Prima e ultima fatica di Paolo Prada Lacchini,
In Extremis viene pubblicato postumo, a un anno dalla scomparsa dell’autore.
Il memoir che si voleva senza epilogo, non ignorava di essere in qualche
modo destinato a interrompersi e da qui l’impellente urgenza di
mettersi a nudo, condividere, visto che perfino l’eventualità
di una sudden death, una fine imprevista e improvvisa, era nel conto delle
possibilità. Così la lettura, fin dal titolo, fin dall’esergo,
non si presta ad equivoci. Grandi protagonisti, come ad esorcizzare il
presente, gli anni giovanili (sono spesso “ragazzi” quelli
sulla scena), il romanzo di formazione nel quale il viaggio è una
tappa rilevante, la città più amata sempre più irriconoscibile,
l’occhio che guarda attento ai fatti del mondo e non potrebbe essere
altrimenti per chi ha scelto “una vita da spettatore”. Il
fluire dei ricordi in libertà nel fiume della nostalgia che concede
una pausa, un attimo di respiro. Incancellabili le pagine nelle quali
il miracolo della vita si confronta con il rovescio in ombra della medaglia.
Un faccia a faccia prolungato, quasi una sfida per decidere chi riuscirà
a sostenere lo sguardo più a lungo. Il brano nel quale, in poche
righe, siamo trasportati da un obitorio all’altro, per poi finire
in una cappella mortuaria, avanti e indietro nel tempo, in un crescendo
che diventa insostenibile anche per il lettore più distratto, è
esemplare. “La nostra cara amica è così pallida, porcellana
sopra la bianca lastra di marmo...”. Un battito di ciglia, un breve
istante che gli anni dovrebbero aver sedimentato e invece riaffiora con
immutata forza, indicibile, inspiegabile.

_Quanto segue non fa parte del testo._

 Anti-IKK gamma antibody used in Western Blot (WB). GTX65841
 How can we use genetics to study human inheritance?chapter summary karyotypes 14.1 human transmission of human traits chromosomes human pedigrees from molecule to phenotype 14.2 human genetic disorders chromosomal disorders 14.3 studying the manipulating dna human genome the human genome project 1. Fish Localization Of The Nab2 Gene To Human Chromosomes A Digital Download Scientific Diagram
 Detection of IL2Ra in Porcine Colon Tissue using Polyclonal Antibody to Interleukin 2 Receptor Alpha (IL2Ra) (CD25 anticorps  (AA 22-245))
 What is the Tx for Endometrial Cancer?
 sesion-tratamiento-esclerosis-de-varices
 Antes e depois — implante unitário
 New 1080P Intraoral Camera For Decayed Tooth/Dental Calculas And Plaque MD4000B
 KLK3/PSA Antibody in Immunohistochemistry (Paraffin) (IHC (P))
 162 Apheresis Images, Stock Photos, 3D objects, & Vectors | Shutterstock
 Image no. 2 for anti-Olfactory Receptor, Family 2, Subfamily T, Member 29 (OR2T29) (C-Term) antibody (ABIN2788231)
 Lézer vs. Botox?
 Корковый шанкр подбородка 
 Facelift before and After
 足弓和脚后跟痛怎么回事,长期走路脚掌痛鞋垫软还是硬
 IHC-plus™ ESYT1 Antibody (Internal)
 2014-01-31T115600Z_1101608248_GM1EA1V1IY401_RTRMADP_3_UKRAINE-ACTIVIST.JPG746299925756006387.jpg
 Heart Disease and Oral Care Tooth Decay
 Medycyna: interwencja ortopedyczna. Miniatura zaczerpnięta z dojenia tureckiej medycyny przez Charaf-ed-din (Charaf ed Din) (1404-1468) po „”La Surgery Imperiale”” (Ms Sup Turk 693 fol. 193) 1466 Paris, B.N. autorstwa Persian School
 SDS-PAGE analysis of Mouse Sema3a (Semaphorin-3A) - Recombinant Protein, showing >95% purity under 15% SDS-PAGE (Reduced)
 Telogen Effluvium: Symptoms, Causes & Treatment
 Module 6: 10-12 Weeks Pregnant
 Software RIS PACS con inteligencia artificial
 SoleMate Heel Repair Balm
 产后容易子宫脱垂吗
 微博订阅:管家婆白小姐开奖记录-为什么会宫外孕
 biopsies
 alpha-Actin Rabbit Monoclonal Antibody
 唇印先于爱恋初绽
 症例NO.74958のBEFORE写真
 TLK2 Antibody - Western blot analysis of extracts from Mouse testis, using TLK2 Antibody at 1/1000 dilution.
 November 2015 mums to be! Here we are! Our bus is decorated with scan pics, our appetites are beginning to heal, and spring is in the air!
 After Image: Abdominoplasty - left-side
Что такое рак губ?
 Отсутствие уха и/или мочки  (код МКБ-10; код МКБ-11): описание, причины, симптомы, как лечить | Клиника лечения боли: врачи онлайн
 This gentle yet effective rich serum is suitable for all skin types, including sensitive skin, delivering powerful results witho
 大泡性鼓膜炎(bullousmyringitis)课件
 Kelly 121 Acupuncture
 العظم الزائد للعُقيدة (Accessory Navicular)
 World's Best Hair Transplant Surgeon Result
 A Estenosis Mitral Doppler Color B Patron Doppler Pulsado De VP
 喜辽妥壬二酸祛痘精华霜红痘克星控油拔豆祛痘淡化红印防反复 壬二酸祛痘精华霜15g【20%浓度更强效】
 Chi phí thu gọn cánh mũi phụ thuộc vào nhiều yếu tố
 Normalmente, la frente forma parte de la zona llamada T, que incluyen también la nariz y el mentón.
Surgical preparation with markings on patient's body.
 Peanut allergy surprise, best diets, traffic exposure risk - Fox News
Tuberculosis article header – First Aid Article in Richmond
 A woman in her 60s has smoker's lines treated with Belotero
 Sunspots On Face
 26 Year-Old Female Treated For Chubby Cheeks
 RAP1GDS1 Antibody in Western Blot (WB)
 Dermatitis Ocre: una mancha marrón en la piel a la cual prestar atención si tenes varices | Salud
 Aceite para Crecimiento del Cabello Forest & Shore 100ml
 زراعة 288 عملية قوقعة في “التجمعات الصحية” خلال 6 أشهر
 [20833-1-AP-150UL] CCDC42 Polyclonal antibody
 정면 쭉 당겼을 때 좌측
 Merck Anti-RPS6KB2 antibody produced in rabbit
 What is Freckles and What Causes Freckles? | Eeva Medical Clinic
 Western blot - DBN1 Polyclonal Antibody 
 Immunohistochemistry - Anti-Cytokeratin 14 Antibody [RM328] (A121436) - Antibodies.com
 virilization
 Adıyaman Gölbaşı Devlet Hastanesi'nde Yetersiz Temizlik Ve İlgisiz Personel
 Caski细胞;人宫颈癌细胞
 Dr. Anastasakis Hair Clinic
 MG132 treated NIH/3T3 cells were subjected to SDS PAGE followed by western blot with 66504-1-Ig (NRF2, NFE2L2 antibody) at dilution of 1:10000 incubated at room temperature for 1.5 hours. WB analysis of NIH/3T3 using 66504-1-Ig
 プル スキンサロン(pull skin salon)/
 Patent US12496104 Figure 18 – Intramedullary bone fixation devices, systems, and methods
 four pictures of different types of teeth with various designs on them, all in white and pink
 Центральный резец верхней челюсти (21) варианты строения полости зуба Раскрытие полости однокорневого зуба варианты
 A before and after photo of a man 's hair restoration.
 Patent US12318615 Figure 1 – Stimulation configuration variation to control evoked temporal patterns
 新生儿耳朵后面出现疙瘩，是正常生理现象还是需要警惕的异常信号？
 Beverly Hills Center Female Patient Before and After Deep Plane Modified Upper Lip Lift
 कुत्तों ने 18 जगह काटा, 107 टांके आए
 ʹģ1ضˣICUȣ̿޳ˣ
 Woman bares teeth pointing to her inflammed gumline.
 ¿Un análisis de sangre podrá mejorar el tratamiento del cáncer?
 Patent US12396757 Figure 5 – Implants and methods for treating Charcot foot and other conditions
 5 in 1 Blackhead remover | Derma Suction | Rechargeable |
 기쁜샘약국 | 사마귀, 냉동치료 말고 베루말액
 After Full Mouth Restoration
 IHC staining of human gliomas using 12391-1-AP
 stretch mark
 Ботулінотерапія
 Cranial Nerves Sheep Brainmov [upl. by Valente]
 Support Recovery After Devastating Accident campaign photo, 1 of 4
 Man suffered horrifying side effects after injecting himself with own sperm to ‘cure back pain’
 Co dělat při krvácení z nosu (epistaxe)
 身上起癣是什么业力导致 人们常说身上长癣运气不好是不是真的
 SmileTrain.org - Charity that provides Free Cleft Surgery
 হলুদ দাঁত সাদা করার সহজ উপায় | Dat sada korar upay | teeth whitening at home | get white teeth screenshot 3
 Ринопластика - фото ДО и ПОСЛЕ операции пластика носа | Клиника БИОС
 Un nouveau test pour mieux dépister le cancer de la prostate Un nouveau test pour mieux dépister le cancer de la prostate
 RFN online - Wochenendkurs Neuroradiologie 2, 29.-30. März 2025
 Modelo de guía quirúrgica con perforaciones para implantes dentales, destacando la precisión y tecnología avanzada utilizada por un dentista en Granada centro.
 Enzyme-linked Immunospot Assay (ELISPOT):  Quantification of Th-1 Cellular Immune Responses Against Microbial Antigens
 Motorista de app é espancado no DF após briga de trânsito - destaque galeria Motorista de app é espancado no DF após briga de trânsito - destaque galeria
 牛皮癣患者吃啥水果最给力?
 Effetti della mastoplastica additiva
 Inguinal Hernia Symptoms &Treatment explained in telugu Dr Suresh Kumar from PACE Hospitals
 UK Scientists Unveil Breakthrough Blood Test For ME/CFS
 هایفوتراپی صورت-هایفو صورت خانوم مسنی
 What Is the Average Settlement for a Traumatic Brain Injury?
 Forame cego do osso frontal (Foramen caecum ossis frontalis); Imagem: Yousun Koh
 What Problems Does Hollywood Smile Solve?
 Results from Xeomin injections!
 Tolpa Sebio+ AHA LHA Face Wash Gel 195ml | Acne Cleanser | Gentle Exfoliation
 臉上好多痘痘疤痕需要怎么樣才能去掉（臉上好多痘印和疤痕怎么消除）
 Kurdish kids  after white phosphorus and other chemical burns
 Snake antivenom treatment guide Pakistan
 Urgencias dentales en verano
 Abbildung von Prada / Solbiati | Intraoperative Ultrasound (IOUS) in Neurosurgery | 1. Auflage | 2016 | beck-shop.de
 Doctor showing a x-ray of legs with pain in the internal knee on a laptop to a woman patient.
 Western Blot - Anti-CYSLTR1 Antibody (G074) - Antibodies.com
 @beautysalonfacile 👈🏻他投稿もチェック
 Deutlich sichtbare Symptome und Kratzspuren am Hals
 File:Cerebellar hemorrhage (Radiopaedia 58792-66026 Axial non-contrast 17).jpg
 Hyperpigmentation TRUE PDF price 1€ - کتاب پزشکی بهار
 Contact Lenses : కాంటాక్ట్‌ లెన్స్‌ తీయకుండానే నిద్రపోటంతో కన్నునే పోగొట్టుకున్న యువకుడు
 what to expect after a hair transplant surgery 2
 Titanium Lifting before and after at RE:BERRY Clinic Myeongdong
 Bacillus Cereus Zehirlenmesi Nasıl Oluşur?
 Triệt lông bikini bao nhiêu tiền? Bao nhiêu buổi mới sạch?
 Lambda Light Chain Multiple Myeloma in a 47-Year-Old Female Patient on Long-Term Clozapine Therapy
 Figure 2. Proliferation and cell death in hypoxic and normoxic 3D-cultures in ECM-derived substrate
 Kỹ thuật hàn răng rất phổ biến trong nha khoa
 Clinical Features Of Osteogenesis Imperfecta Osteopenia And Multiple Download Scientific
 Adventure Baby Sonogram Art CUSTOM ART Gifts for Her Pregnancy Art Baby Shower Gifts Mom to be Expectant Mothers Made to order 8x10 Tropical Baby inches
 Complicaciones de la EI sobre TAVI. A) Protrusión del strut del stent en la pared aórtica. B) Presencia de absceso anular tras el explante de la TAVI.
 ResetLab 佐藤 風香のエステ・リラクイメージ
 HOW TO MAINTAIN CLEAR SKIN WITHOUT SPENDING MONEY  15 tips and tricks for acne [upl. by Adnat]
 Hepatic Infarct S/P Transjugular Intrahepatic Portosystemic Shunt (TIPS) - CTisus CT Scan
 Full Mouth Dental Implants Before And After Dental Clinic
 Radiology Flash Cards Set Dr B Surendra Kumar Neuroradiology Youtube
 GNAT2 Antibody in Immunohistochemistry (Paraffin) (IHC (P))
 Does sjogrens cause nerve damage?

Il dolore del dolore. “Si
hanno due vite. La seconda comincia il giorno in cui ci si rende conto
che non ne abbiamo che una”. È il Confucio più citato
perché accosta Oriente e Occidente, la sorte universale, la disarmante
impotenza che genera le riflessioni più profonde. In una società
che ha fatto spettacolo della malattia e della morte, l’intimo e
compassionevole colloquio con il proprio corpo e il suo destino che è
il cuore di In Extremis, offre lampi di ritrovata verità, nella
ostinata ricerca di una risposta alle “domande che illuminano i
momenti più bassi o più alti della nostra esistenza”.